**Exercise**
This task calls for copying each line below that contains "Poster".

Data supplied Block Start

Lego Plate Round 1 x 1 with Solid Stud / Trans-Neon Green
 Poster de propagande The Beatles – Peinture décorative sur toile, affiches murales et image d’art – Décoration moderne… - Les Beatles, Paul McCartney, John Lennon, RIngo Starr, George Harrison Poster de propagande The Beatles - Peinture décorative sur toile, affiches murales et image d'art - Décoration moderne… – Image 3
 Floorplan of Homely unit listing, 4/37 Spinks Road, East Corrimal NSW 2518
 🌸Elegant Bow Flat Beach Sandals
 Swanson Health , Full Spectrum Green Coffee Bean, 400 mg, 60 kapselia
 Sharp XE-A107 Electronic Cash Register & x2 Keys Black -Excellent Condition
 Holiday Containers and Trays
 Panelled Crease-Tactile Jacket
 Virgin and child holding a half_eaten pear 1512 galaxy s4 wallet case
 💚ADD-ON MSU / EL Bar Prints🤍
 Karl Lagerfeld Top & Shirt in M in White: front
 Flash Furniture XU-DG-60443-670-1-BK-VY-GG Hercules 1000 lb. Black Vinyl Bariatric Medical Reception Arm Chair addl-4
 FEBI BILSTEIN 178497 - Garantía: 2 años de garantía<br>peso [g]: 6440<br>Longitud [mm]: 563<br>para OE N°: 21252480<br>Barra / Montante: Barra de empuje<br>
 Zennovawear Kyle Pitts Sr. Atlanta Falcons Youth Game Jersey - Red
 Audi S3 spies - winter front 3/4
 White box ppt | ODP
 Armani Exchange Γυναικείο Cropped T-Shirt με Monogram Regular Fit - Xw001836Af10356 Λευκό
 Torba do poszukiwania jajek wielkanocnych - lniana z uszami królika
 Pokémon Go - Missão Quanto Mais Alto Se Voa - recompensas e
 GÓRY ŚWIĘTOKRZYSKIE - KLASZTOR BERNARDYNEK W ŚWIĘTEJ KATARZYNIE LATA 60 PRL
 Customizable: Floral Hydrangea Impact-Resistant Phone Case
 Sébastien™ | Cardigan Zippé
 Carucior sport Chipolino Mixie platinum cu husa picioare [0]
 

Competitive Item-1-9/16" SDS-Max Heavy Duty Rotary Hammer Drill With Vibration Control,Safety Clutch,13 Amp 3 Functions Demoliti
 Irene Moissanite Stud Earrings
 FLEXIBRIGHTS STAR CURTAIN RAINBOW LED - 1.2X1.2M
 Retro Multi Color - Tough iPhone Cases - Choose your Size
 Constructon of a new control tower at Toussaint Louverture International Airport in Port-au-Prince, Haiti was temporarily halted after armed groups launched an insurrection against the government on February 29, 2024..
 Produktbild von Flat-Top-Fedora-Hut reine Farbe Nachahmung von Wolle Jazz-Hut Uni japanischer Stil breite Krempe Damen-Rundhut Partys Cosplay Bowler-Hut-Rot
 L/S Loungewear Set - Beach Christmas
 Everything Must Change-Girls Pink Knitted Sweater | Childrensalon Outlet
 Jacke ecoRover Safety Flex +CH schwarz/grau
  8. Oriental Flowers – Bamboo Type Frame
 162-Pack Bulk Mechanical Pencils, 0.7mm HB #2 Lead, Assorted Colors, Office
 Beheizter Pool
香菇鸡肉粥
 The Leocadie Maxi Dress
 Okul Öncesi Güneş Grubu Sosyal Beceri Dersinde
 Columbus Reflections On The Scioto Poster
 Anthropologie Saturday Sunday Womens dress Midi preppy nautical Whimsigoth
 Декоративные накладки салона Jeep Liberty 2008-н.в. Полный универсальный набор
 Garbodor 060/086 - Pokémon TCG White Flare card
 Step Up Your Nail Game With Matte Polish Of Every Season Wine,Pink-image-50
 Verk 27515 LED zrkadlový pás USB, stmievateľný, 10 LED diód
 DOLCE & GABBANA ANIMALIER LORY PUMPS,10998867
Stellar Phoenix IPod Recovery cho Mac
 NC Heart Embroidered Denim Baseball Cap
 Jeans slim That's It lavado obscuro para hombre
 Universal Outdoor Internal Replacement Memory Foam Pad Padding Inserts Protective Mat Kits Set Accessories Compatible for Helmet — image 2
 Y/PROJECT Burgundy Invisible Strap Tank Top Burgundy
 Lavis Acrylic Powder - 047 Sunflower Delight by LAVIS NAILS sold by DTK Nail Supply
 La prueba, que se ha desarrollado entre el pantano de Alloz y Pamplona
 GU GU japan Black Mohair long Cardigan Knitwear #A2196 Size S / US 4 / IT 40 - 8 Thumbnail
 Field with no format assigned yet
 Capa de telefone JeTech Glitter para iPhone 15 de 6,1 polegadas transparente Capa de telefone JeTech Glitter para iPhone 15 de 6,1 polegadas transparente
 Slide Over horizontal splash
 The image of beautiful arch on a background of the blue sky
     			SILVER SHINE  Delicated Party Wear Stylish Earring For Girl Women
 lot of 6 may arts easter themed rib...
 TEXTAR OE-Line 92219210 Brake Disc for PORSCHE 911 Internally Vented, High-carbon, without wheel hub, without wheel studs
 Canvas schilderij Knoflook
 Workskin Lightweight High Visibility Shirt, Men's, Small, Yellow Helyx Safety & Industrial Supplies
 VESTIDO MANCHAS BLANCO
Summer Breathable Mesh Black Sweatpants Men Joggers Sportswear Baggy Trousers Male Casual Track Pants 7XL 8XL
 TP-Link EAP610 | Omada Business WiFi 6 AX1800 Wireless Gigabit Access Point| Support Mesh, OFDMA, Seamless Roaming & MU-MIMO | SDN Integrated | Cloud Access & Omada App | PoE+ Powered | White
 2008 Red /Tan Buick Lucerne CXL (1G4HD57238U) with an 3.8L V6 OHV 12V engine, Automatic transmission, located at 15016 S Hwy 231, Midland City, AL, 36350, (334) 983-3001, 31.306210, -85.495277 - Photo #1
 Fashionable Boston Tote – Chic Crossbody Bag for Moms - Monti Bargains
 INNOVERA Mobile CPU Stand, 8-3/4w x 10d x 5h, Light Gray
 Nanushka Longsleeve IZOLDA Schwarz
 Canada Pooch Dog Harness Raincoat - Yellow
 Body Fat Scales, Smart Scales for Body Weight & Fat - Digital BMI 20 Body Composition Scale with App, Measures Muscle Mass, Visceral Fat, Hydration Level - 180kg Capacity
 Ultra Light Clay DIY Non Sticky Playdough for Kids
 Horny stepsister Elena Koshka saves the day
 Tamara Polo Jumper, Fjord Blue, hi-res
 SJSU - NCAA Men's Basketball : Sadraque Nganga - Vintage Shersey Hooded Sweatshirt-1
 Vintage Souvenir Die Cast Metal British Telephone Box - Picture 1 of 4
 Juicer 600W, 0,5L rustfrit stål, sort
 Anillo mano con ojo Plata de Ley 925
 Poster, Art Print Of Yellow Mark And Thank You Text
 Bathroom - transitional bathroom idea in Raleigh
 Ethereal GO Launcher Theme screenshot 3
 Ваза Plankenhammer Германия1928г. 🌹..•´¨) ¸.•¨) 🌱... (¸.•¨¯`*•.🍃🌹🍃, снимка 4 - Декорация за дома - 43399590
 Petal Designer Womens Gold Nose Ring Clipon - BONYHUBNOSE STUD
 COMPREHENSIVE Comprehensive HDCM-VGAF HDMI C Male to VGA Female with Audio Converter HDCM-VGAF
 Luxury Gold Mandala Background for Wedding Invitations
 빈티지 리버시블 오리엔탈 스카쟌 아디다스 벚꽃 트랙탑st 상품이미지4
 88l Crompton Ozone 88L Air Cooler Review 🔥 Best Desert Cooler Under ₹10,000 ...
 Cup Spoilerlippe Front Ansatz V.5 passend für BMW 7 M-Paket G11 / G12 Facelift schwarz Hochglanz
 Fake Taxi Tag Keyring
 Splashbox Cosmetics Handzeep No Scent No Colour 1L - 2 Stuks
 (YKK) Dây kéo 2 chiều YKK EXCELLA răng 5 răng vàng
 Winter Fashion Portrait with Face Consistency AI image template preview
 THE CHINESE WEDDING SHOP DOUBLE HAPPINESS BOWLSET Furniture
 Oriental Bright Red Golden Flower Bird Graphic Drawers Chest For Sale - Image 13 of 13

Data supplied Block End

**Response to the exercise**
 Poster de propagande The Beatles – Peinture décorative sur toile, affiches murales et image d’art – Décoration moderne… - Les Beatles, Paul McCartney, John Lennon, RIngo Starr, George Harrison Poster de propagande The Beatles - Peinture décorative sur toile, affiches murales et image d'art - Décoration moderne… – Image 3
 Columbus Reflections On The Scioto Poster
 Poster, Art Print Of Yellow Mark And Thank You Text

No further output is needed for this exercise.